Basically, go to the Cydia store and look at any app in there. Why can't the Cydia store be allowed?

1 comments

So you don’t actually have an app you want to publish?

As for the Cydia store, that allows apps to to run on jailbroken phones, I.e. with security protections removed.

It should be obvious why users want to buy a platform that is as secure as Apple can make it.

I have apps I want to publish, but why would I even begin to work on them knowing that Apple could pull the plug on me at any time?

And yes, the Cydia store is for jailbroken phones because that's the only way to load your own software onto your phone, but there are plenty of useful apps on there that aren't security issues and are only there to get around app store restrictions.

Apple doesn't have to restrict which apps I run to keep it secure. They do just fine securing MacOS, which allows one to install whatever they want.

> why would I even begin to work on them knowing that Apple could pull the plug on me at any time?

Perhaps it’s simply not true that Apple pulls the plug on apps at any time.

Billions of dollars paid to developers suggest that you are just wrong about that.

The billions of dollars paid out does not disprove that at all. There are many articles, often posted right here on HN, of apps getting pulled from the app store for random reasons. Lots of articles about apps that push an update and then get removed from the store because they found something else objectionable that was previously approved.
A few tens of articles, about things which are almost always resolved.

I personally have had updates rejected, and then simply resolved the issues and resubmitted.

It’s simply false to say that apps are just pulled at any time.

You have allowed a few voices on hacker news to give you a false impression.

I made an app to show the books you have lend at a public library

And to make sure it can be used with all existing libraries web sites and all opacs, you can enter any url and an xpath expressions, and then it runs the xpath expressions each day and shows the result as list of books.

And since I wrote it 15 years ago, there were no tech libraries for headless browsers available. So I wrote half of my own browser, and an XPath interpreter. (Modern XPath is actually Turing-complete, and with the EXPath file module, it can read and write to any file)

So, if the store does not allow custom browsers or Python interpreters, those are two reasons it would not allow my app.

Nothing you have described would be disallowed.

Often the ideas about restrictions are simply false beliefs.

Of course they would be. OP said they wrote their own browser. The app store specifically disallows this. You must use the Safari render engine.
> headless browsers available. So I wrote half of my own browser

The OP said - headless browser, I.e: network and parsing the Dom, but not rendering.

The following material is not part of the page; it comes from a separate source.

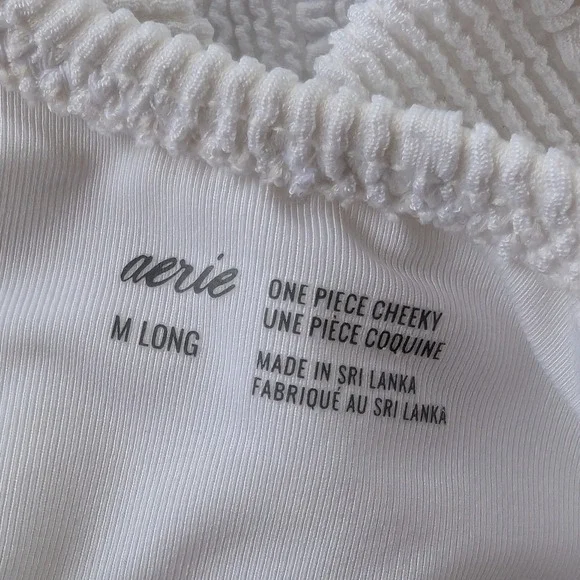 Aerie One Piece Cheeky Textured White Swimsuit Sz M Long - Picture 5 of 8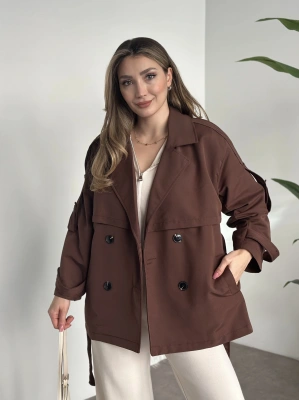 Ara boy düğmeli beli kuşaklı oversize astarlı trençkot kahve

Perfectly allowed. Please stop saying otherwise.

Rendering engine is not the issue. It's the JIT - firefox could publish a browser, it would just need to have interpreted javascript and it'd be useless.
Well, then it is good, I did not make a JIT (only XPath AST, not even bytecode)

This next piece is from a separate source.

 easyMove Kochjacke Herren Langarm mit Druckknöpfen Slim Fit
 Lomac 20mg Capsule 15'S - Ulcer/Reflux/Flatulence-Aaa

Although I have been thinking about making a JIT. Building on for x86 is easy enough, but then it is useless for ARM. I would not want to build two JITs. Or four with 32/64-bits.

This is just wrong. Apple disallows apps that duplicate existing functionality, i.e. browsers. You can write whatever wack headless browser you want, and there are tons of frameworks for this exact purpose, too: All manner of methods to do network things without invoking Safari.

This is a jawbreaker of hyperbole around a chewy gum center of truth.